| WHAT THE TASK REQUIRES |
From the data below, give the number of lines holding the word "Bottom", with nothing else added.

| MATERIAL TO PROCESS |
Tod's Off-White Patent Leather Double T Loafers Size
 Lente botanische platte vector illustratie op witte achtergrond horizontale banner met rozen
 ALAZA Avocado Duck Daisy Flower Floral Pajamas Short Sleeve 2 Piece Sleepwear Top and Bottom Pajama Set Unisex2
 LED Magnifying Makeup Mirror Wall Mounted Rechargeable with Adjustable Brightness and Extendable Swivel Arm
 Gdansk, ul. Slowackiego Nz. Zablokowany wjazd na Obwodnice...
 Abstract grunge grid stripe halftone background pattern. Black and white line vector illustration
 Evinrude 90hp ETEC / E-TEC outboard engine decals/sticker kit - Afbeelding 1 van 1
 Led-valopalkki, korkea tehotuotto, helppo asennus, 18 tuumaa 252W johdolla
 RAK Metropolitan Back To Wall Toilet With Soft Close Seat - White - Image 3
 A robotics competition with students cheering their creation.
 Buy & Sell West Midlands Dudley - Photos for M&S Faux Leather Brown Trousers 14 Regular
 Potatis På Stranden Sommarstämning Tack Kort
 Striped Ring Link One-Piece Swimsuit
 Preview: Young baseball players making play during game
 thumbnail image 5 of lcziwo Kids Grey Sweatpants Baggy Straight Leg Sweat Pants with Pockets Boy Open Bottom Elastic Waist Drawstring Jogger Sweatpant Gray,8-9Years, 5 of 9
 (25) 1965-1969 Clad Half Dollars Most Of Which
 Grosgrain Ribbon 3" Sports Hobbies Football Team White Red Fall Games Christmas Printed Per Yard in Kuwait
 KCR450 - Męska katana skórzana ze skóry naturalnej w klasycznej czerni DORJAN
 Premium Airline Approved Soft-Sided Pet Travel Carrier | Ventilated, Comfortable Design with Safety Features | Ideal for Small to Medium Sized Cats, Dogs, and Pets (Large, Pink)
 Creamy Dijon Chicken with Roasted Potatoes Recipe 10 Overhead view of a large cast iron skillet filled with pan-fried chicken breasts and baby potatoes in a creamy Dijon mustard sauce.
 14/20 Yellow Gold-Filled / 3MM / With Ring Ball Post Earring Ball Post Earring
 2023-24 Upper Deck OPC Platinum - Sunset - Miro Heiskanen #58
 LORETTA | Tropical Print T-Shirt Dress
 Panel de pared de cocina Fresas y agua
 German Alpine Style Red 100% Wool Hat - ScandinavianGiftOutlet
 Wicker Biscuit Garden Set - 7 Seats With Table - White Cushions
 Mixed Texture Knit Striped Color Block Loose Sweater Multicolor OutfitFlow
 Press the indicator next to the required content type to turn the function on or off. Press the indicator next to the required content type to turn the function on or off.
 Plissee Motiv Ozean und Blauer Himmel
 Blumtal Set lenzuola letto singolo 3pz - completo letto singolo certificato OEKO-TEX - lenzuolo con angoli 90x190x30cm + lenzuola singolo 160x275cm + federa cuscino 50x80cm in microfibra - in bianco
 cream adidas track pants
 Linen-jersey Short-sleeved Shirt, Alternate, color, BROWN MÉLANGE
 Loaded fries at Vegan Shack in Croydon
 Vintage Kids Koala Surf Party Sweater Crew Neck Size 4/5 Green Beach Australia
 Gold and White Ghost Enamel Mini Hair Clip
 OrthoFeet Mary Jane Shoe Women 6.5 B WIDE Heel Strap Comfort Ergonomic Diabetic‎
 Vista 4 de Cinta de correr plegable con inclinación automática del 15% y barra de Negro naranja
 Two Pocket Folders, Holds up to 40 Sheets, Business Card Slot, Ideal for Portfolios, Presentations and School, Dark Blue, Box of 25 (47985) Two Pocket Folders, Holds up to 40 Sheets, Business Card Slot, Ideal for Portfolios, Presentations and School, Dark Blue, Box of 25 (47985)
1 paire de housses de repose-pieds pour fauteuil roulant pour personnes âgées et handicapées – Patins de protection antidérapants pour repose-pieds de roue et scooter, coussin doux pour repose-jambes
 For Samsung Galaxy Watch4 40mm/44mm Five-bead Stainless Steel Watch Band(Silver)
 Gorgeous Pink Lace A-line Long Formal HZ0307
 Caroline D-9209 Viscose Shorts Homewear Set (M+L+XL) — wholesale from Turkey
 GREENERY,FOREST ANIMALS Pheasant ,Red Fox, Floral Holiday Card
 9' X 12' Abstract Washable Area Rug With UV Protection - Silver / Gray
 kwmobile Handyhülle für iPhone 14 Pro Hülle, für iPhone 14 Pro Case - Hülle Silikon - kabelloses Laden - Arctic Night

| RESULT FOR THIS EXERCISE |
2